Lock-Down Research: The Sitting Room, 7 Owen’s Row, Islington, 1855

Drawing, Sitting Room, 7 Owen’s Row, Islington; Richard Parminter Cuff (British, 1819 – 1883); brush and watercolour and gray wash over graphite; 2007-27-57. Cooper Hewitt, Smithsonian Design Museum.

I have a memory of this watercolour coming up for auction in the early 1990s, although I can no longer identify the sale. It caught my attention then because it is showed the interior of a house that once stood next-door-but-one to my own. At that time I was unable to contemplate buying it, even though it was so decorative and apposite, but the memory of it stayed with me and yesterday, now in lock-down, I idly searched the internet and with pleasure found that the image was now in the public domain, part of a Smithsonian collection.

The caption to the water colour gives some information but I thought I would see what I could do to amplify it now that so much material is available on the internet and I have plenty of time to indulge in idle research.

In fact, I was pleasantly surprised how easily I uncovered the reason why the artist had painted the scene. For in the 1851 census I found the artist, Richard Parminter Cuff, living in that house, 7 Owen’s Row in Clerkenwell, a short distance south of the Angel, Islington.

This is the earliest photograph I have found of Owen’s Row, showing it in 1946 after the ravages of war had taken their toll. 7 Owen’s Row is the 5th house from the right, the second in the row of lower houses. Built in 1775, it comprised a basement, ground floor, first floor, second floor and attic, with two rooms to each floor. The photograph shows the damage done to the row during the 1940 Blitz. In fact, by then three houses (numbers 11 to 13) had been demolished – you can see the wooden buttress supporting the end wall of the terrace. To the far left of the photograph had stood Dame Alice Owen’s Girls’ School, opened in 1886.

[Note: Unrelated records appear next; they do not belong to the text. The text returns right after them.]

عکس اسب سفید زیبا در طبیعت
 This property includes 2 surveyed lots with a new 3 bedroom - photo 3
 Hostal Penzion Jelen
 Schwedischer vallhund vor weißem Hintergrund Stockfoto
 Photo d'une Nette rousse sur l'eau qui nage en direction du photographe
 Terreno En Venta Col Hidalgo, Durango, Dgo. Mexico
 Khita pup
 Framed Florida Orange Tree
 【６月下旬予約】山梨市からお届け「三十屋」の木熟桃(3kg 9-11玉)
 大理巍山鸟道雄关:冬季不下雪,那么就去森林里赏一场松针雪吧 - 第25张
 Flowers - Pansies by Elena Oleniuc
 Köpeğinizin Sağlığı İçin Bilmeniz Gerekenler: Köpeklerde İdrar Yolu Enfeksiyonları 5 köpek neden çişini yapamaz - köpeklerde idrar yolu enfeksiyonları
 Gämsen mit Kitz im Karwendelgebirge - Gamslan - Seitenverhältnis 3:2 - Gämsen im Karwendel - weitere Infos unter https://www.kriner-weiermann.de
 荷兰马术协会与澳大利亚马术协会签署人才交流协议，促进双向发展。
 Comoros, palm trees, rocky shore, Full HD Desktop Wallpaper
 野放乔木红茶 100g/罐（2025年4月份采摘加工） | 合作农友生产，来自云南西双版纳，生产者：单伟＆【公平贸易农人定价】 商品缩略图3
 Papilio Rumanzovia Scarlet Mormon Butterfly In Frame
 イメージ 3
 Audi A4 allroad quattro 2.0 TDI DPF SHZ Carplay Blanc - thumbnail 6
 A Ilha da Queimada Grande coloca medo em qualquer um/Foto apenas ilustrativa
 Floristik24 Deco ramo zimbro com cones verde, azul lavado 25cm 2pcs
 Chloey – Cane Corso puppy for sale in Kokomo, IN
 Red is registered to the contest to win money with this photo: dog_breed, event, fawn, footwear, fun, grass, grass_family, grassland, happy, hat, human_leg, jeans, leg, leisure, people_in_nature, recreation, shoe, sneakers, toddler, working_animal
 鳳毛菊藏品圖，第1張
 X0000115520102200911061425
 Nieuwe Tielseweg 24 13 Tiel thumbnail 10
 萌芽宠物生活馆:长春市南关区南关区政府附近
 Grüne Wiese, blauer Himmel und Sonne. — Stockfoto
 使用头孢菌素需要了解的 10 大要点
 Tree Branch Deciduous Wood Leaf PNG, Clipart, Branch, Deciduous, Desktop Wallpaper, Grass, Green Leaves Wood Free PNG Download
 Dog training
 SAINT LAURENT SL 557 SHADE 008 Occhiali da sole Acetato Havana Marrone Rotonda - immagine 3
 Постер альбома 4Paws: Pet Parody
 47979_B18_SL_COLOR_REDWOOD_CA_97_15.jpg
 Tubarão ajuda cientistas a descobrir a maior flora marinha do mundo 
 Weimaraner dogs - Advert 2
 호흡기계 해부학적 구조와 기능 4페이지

Dame Alice Owen’s Girls’ School at the beginning of the 20th century. No 7 Owen’s Row will be on the far right of the photo

The basement of the school was being used as a public air raid shelter when, in the evening of 15 October 1940, it received a direct hit. The building collapsed, killing about 150 people.

Until 1959 numbers 6-10 Owen’s Row remained standing but were then demolished because a new building for Dame Alice Owen’s Girls’ School was to be built on land immediately opposite.

Although in the late-18th century the Owen’s Row houses do seem to have been in single occupation, by the second decade of the 19th century most contained at least two households. This remained so until towards the end of the 20th century.  At the time when Richard Cuff was living at number 7 the local papers frequently advertised rooms – or floors – to let in Owen’s Row. In the mid-1850s the weekly rent for one room on the second floor of an Owen’s Row house was 5 shillings. This is now my bedroom.

The majority of the male occupants of the houses were printers, jewellers, clockmakers, or workers in allied trades. The women were lodging house keepers, dressmakers and milliners. The households at no 7 might, in 1851, have been considered slightly more genteel than most. For when that census was taken Richard Cuff, described as ‘artist, engraver (architectural etc)’, was living at number 7 with his younger brother,William, a ‘bookseller -collector’. They constituted one household. The other was headed by John Peacock, ‘Baptist minister at Spencer Place Chapel’, and comprised his wife, son (a printer) and an 18-year-old ‘house servant’. The Chapel was small and situated in a very poor, densely populated area a little to the south of Owen’s Row. That the Cuff brothers should be sharing a house with a non-conformist minister may not have been entirely fortuitous their father, John Harcombe Cuff (c.1790-1852) being a dissenting minister back home in Wellington, Somerset.

Thus, we know that when he painted the watercolour in 1855 Richard Cuff had been living in 7 Owen’s Row for at least four years. However, sometime between 1855 and the next census in 1861 he moved, becoming a lodger in a house in Cumming Street, off the Pentonville Road. By this time his brother William had gone into business as a bookseller with another of their brothers, first in Preston and then in Dover. This could have been a factor in Richard Cuff’s decision to move.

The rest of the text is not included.